Source records START
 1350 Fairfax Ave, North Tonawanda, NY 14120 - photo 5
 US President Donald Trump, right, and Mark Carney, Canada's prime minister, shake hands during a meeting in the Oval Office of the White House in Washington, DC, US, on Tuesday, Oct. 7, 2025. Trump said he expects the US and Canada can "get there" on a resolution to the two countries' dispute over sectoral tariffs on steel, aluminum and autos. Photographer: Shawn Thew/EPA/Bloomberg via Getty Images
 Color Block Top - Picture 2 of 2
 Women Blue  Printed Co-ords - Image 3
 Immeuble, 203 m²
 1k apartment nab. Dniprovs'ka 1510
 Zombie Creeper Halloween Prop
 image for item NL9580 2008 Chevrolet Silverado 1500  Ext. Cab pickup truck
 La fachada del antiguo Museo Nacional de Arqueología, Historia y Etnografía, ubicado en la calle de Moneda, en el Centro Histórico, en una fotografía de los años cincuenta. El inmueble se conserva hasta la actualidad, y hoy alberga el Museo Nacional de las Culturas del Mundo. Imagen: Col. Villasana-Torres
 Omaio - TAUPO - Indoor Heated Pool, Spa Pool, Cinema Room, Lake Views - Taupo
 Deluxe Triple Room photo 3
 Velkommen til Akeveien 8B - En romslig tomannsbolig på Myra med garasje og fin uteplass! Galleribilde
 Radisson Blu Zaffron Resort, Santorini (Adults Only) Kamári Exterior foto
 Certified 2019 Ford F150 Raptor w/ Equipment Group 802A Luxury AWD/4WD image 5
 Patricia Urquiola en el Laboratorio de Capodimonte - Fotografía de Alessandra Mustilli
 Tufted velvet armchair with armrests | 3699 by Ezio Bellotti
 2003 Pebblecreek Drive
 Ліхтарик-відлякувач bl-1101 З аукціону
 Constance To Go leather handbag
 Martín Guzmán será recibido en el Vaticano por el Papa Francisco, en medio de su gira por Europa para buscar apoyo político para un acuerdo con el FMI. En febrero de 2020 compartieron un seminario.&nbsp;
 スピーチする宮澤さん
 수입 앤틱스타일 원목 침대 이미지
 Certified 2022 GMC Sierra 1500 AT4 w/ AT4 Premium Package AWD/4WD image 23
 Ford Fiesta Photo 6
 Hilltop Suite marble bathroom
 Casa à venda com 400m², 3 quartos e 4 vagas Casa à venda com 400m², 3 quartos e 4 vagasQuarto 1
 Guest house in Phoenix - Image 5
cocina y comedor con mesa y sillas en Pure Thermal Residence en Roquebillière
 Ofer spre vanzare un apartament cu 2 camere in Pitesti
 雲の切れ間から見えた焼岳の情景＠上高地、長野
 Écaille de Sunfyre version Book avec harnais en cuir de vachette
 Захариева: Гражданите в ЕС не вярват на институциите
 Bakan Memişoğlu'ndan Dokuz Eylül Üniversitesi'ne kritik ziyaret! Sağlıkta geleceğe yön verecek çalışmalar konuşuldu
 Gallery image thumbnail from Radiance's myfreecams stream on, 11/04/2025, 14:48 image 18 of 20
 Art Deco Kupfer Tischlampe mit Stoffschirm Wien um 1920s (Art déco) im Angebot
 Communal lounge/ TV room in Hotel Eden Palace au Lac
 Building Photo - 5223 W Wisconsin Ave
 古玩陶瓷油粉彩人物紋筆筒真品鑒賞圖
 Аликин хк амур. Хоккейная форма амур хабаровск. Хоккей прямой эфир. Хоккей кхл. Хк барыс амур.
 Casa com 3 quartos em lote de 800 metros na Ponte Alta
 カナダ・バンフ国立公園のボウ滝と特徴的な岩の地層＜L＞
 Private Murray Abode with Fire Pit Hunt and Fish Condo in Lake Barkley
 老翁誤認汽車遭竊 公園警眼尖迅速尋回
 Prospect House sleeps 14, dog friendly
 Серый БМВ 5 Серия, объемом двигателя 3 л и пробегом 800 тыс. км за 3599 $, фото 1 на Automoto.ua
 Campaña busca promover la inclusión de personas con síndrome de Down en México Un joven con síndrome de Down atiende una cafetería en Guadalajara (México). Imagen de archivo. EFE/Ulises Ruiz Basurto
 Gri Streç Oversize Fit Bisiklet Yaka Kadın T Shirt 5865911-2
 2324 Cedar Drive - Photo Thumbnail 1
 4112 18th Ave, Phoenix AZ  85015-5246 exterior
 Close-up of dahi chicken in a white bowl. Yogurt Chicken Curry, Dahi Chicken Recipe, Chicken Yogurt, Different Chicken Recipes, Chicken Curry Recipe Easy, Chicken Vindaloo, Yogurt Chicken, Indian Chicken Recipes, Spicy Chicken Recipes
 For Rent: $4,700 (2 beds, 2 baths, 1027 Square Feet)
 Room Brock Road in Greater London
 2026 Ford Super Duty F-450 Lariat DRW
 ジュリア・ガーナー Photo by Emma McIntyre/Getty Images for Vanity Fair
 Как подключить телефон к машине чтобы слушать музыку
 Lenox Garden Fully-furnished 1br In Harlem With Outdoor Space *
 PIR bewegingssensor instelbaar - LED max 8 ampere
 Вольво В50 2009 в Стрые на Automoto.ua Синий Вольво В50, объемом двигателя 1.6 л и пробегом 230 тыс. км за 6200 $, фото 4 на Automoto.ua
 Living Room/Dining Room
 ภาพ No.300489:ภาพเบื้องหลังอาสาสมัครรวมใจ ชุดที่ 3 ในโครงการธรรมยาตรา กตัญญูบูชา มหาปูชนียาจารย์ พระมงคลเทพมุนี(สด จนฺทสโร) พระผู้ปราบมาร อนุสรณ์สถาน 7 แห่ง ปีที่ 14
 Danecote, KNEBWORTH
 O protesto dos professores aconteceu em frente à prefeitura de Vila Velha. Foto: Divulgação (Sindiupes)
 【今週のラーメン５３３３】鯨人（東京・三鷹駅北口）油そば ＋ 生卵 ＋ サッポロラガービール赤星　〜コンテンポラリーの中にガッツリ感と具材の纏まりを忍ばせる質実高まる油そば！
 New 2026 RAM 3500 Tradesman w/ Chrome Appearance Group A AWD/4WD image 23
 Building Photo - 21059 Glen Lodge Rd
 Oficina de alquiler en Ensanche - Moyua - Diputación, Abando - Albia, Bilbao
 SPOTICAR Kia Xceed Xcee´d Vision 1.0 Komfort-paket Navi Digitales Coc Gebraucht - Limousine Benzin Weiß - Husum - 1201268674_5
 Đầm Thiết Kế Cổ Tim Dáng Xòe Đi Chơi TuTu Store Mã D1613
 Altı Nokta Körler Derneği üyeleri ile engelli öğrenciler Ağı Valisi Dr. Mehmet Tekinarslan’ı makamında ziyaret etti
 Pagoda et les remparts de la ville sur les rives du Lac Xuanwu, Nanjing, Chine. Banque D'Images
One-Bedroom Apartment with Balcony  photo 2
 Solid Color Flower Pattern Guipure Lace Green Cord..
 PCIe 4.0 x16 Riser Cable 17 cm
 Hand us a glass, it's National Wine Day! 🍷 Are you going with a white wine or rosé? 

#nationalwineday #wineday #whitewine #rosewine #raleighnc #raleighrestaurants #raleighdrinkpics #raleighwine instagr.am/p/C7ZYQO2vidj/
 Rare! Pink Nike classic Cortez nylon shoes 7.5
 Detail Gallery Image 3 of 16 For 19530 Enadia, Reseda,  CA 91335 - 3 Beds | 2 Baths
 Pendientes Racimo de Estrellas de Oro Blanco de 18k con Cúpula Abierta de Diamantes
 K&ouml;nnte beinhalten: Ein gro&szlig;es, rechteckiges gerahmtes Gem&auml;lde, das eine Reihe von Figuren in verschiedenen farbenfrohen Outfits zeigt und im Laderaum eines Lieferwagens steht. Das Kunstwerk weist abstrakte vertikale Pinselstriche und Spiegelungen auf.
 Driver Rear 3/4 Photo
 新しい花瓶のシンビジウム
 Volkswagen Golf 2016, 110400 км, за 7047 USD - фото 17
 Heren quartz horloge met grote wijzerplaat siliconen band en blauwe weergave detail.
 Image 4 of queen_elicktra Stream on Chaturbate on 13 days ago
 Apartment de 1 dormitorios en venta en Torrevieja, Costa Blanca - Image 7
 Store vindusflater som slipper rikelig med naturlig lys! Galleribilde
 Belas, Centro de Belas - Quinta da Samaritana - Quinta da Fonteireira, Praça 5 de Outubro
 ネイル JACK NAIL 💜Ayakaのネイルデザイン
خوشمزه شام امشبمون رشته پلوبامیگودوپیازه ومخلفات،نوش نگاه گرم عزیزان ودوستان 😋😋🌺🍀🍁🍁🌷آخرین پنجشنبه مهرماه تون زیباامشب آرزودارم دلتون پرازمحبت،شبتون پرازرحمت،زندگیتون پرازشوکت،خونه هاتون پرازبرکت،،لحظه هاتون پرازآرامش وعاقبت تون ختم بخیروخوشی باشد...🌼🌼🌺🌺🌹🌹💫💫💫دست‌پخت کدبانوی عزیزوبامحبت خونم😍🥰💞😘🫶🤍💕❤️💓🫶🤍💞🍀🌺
Source records END
Only the lines above from the line containing "Ліхтарик-відлякувач bl-1101 З аукціону" through the line containing "4112 18th Ave, Phoenix" should be retyped, exactly and with both ends included.

## [Answer below]
 Ліхтарик-відлякувач bl-1101 З аукціону
 Constance To Go leather handbag
 Martín Guzmán será recibido en el Vaticano por el Papa Francisco, en medio de su gira por Europa para buscar apoyo político para un acuerdo con el FMI. En febrero de 2020 compartieron un seminario.&nbsp;
 スピーチする宮澤さん
 수입 앤틱스타일 원목 침대 이미지
 Certified 2022 GMC Sierra 1500 AT4 w/ AT4 Premium Package AWD/4WD image 23
 Ford Fiesta Photo 6
 Hilltop Suite marble bathroom
 Casa à venda com 400m², 3 quartos e 4 vagas Casa à venda com 400m², 3 quartos e 4 vagasQuarto 1
 Guest house in Phoenix - Image 5
cocina y comedor con mesa y sillas en Pure Thermal Residence en Roquebillière
 Ofer spre vanzare un apartament cu 2 camere in Pitesti
 雲の切れ間から見えた焼岳の情景＠上高地、長野
 Écaille de Sunfyre version Book avec harnais en cuir de vachette
 Захариева: Гражданите в ЕС не вярват на институциите
 Bakan Memişoğlu'ndan Dokuz Eylül Üniversitesi'ne kritik ziyaret! Sağlıkta geleceğe yön verecek çalışmalar konuşuldu
 Gallery image thumbnail from Radiance's myfreecams stream on, 11/04/2025, 14:48 image 18 of 20
 Art Deco Kupfer Tischlampe mit Stoffschirm Wien um 1920s (Art déco) im Angebot
 Communal lounge/ TV room in Hotel Eden Palace au Lac
 Building Photo - 5223 W Wisconsin Ave
 古玩陶瓷油粉彩人物紋筆筒真品鑒賞圖
 Аликин хк амур. Хоккейная форма амур хабаровск. Хоккей прямой эфир. Хоккей кхл. Хк барыс амур.
 Casa com 3 quartos em lote de 800 metros na Ponte Alta
 カナダ・バンフ国立公園のボウ滝と特徴的な岩の地層＜L＞
 Private Murray Abode with Fire Pit Hunt and Fish Condo in Lake Barkley
 老翁誤認汽車遭竊 公園警眼尖迅速尋回
 Prospect House sleeps 14, dog friendly
 Серый БМВ 5 Серия, объемом двигателя 3 л и пробегом 800 тыс. км за 3599 $, фото 1 на Automoto.ua
 Campaña busca promover la inclusión de personas con síndrome de Down en México Un joven con síndrome de Down atiende una cafetería en Guadalajara (México). Imagen de archivo. EFE/Ulises Ruiz Basurto
 Gri Streç Oversize Fit Bisiklet Yaka Kadın T Shirt 5865911-2
 2324 Cedar Drive - Photo Thumbnail 1
 4112 18th Ave, Phoenix AZ  85015-5246 exterior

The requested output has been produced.